Records from a data collection:
------------------------------------------------
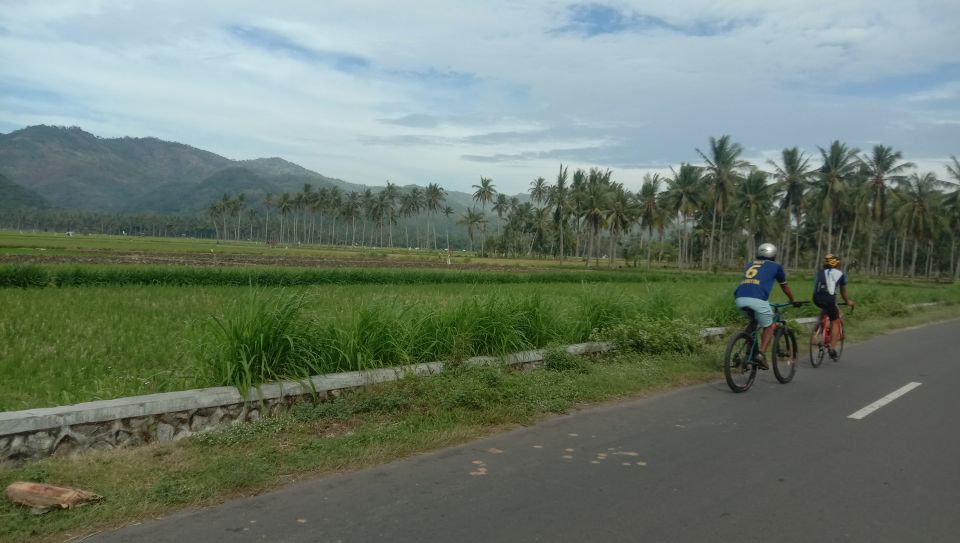Lombok: Half Day City and Pengsong Countryside Biking Tour - Key Points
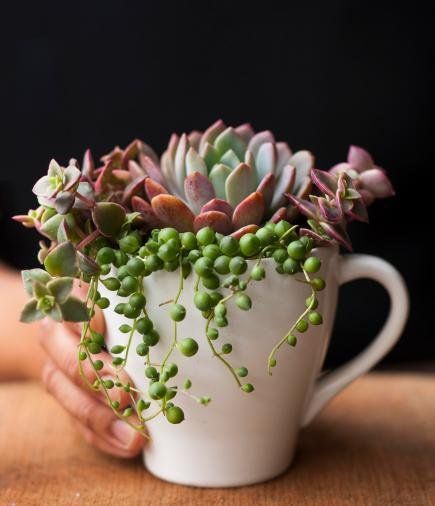 Enjoy this mug full of succulents, morning or night. For plants in nondraining containers, keep them in bright light, protected from frost and give them just enough water to keep the soil moist. See our story for more creative succulent containers. Succulents In Containers, Cacti And Succulents, Container Plants, Planting Succulents, Container Gardening, Planting Flowers, Succulents Painting, Succulents Wallpaper, Succulents Drawing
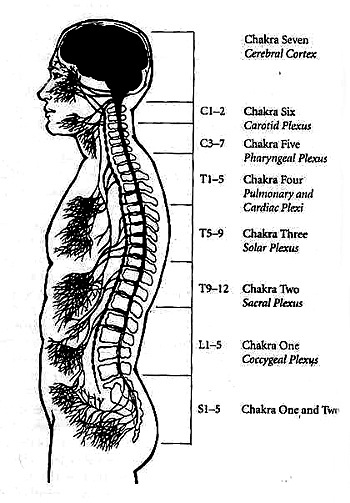 Chakras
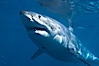 A great white shark swims through the clear waters of Isla Guadalupe, far offshore of the Pacific Coast of Baja California.  Guadalupe Island is host to a concentration of large great white sharks, which visit the island to feed on pinnipeds and tuna. Guadalupe Island (Isla Guadalupe), Baja California, Mexico. Image #07723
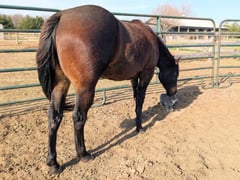 JB Kloey Ann Fox - Thumbnail 9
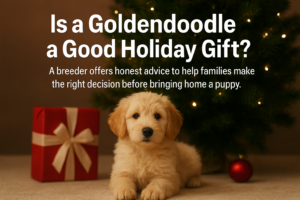 goldendoodle puppy as a christmas gift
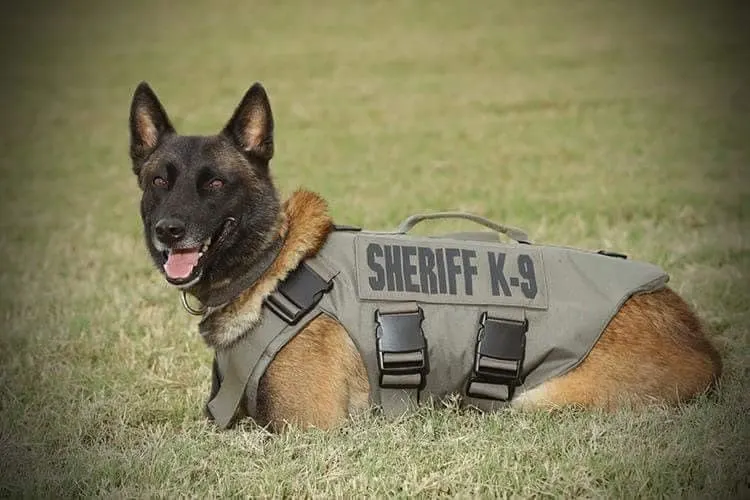 Texas Man Gets Life Sentence for Killing K-9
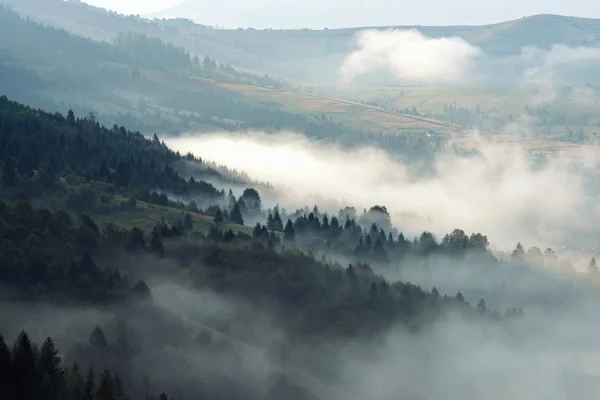 Vue Panoramique Sur Les Forêts Montagne Recouvertes Brouillard — Photo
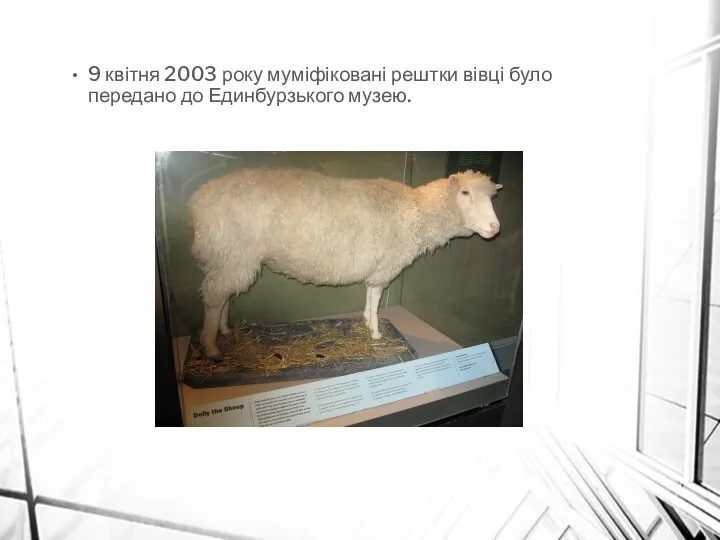 9 квітня 2003 року муміфіковані рештки вівці було передано до Единбурзького музею.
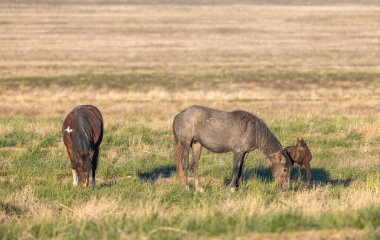Utah çölünde ilkbaharda vahşi atlar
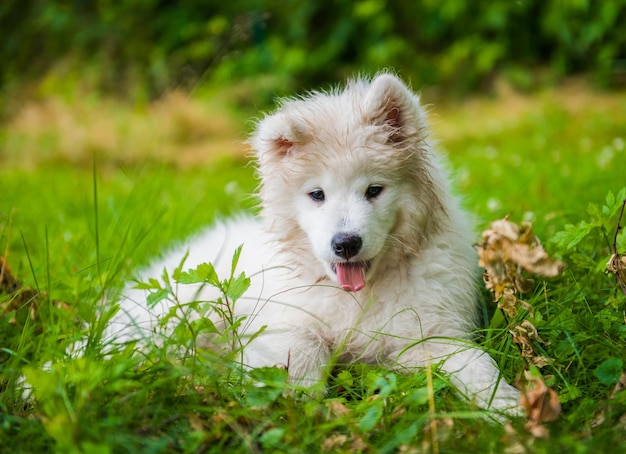 Funny Samoyed puppy dog in the garden on the grass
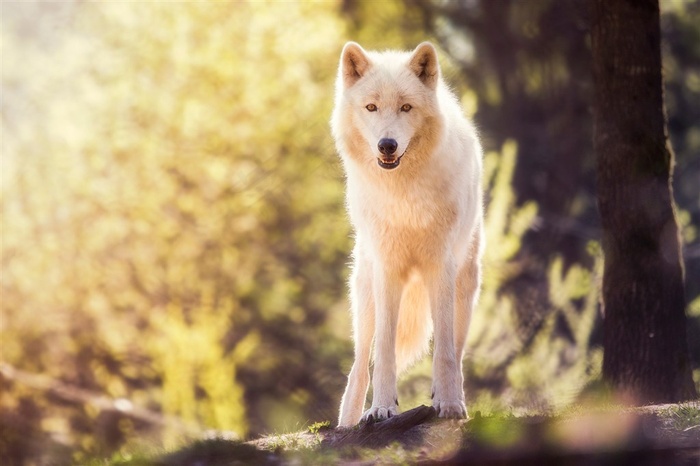 高清草地狼图片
------------------------------------------------
◆ Problem description ◆
Write out again, exactly, each line from the one with "Vue Panoramique Sur" to the end of the entries. No pictures go in.

◆ Worked solution ◆
 Vue Panoramique Sur Les Forêts Montagne Recouvertes Brouillard — Photo
 9 квітня 2003 року муміфіковані рештки вівці було передано до Единбурзького музею.
Utah çölünde ilkbaharda vahşi atlar
 Funny Samoyed puppy dog in the garden on the grass
 高清草地狼图片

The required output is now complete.